**Given information**
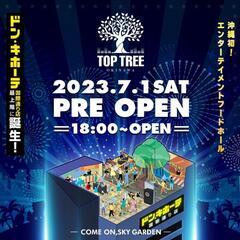 7/1(土) TOP TREE　飲み☆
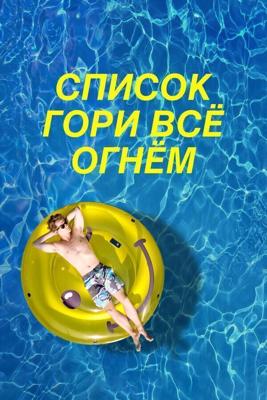 Чертов список / The F* It List (2019) смотреть онлайн бесплатно в отличном качестве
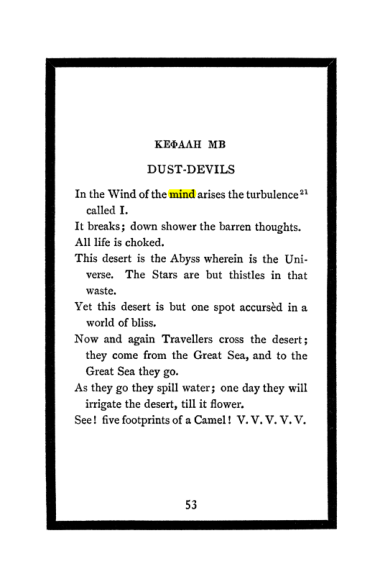 Original scan of The Book of Lies, PDF page 57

**What you are asked to do**
Please copy the data shown above word for word, omitting the pictures.

**Answer space**
 7/1(土) TOP TREE　飲み☆
 Чертов список / The F* It List (2019) смотреть онлайн бесплатно в отличном качестве
 Original scan of The Book of Lies, PDF page 57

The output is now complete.